While speaking to my best friend I begin to cry. I am beyond frustrated with the Saudi Arabian government. You would think being Muslim I would some how be okay with what is going on.

Ironically, I am not okay. The more I come to know about the Saudi government; the more I despise them, and the more I despise them, the more I want to see them all burn in jahannam(hell-fire).

As I begin to speak to her, my heart really broke. I explained to her that the royal Saudi government sees my marriage as a sham before Allaah, because I am not Saudi. Even though I am a Muslim. While there is no real need of explanation she herself is going through the same thing with the government of UAE.

The difference between stories is that somehow her in laws accept her, and my in-laws wish a hole in the Earth would open up and swallow me whole.

While I love my husband so much, and would do anything within the realm of Islaam to please my in-laws, I must say I am growing tired of them and this full of crap government.

I have never contemplated divorce until now. While it's not been a whole month since my husband has been gone, it does feel like an eternity. I have never had the feeling of being shut completely out of someone's life until now.

I know I am complaining about it, yet, I still do not know what to do. Should I stay married to a person where they will never fully stand up for me in the government and their family. Should I always be the person always looking in?
Should I let him go to find true culture happiness with another that is like him?

Am I stupid to think that my husband will change and face this monarchy that is ruled by blood and clans names?

What should I do? I never pictured my life like this? I never picture my marriage like this? I am so frustrated I can not even think straight. Why?! Oh! Why?! Is that one of the hardest decisions of my life?

Should I greet my husband with a happy face at the airport, when I know that behind him is a lingering facade that he's not telling and I dare not speak of?

What should my reactions be? I know I am not happy, but yet, how can I tell him to find his way without me?! Would I be a loser to let this marriage go?!

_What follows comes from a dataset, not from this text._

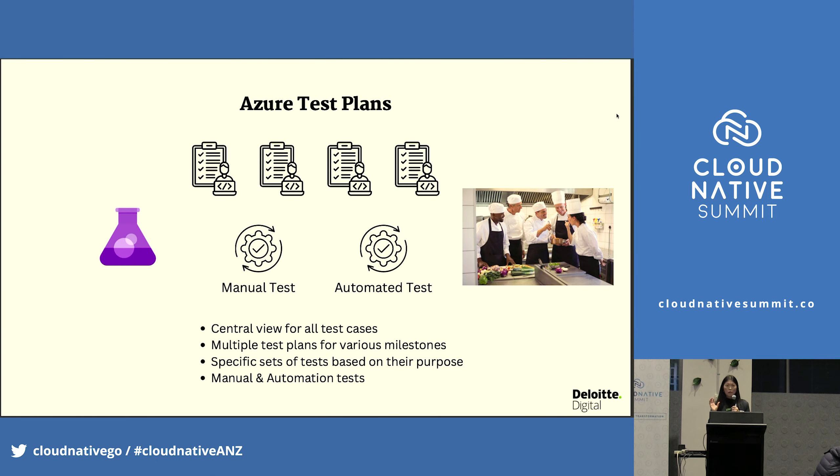Azure Test Plans — in my head, it's the chef testing the dishes he's working with, making sure all the dishes are up to standards and delicious. The same with Azure Test Plans: it has a central view for all your test cases, multiple test plans for various milestones, and specific sets of tests based on their purpose and scope. It supports both manual tests and automation tests.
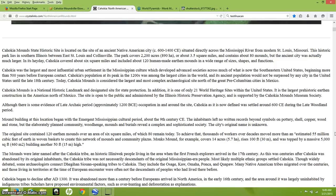Cahokia was the largest and most influential urban settlement in the Mississippian culture, which developed advanced societies across much of what is now the southeastern United States beginning more than 500 years before European contact. Cahokia's population at its peak in the 1200s was among the largest cities in the world, and its ancient population would not be surpassed by any city in the United States until the late 18th century. Today Cahokia Mounds is considered the largest and most complex archaeological site north of the great pre-Columbian cities in Mexico.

I am just beyond frustrated and yet I have no clue what to do.
jinan30 jinan30
26-30, F
1 Response Jan 7, 2013

It seems to me not worth it to scrap your marriage over frustration with the government. I'm assuming your husband or in-laws are not some kind of high-ranking government officials with the power to change anything. We as normal citizens just need to laugh at and/or try to accept the foolishness of modern governments. I am originally from the U.S., and I am constantly amazed by the foolishness of my country's government (both sides of the well-known divide). It's as if all the responsible adults disappeared and left a bunch of ill-mannered, selfish, and unruly children in charge. That these spoiled rotten "children" are educated adults in their 40s, 50s, and 60s just makes it all the more embarrassing.

paskyno:

I guess you are right. I can't picture my life without my husband, but at the same time I feel like his whole monarchy government is crap. But to divorce I guess it would seem silly to say the reason is the Saudi government. Thank you for the jolt of reality.